[Records provided]

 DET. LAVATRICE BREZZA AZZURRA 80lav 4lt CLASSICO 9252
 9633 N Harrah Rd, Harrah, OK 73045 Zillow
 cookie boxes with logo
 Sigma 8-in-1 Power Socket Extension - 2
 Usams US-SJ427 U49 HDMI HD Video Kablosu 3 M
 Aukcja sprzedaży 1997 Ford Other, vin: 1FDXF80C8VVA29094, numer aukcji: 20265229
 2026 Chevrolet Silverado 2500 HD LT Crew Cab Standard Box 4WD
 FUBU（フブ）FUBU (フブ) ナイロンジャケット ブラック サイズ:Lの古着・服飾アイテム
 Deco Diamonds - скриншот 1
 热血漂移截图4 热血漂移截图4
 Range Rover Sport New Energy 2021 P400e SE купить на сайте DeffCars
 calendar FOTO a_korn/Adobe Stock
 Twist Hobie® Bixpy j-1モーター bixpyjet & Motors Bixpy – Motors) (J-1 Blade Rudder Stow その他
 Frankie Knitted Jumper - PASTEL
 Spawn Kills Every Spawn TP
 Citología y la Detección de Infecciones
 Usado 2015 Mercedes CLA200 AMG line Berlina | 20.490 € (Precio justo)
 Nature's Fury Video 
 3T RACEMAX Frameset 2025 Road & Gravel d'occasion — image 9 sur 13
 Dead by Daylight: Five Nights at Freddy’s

[/Records provided]

> **Problem description**: Please return, exactly as written, the line containing "Citología y la Detección de Infecciones" and every line after it through the end of the records above, and nothing else.

> **Solution for this exercise**:
 Citología y la Detección de Infecciones
 Usado 2015 Mercedes CLA200 AMG line Berlina | 20.490 € (Precio justo)
 Nature's Fury Video 
 3T RACEMAX Frameset 2025 Road & Gravel d'occasion — image 9 sur 13
 Dead by Daylight: Five Nights at Freddy’s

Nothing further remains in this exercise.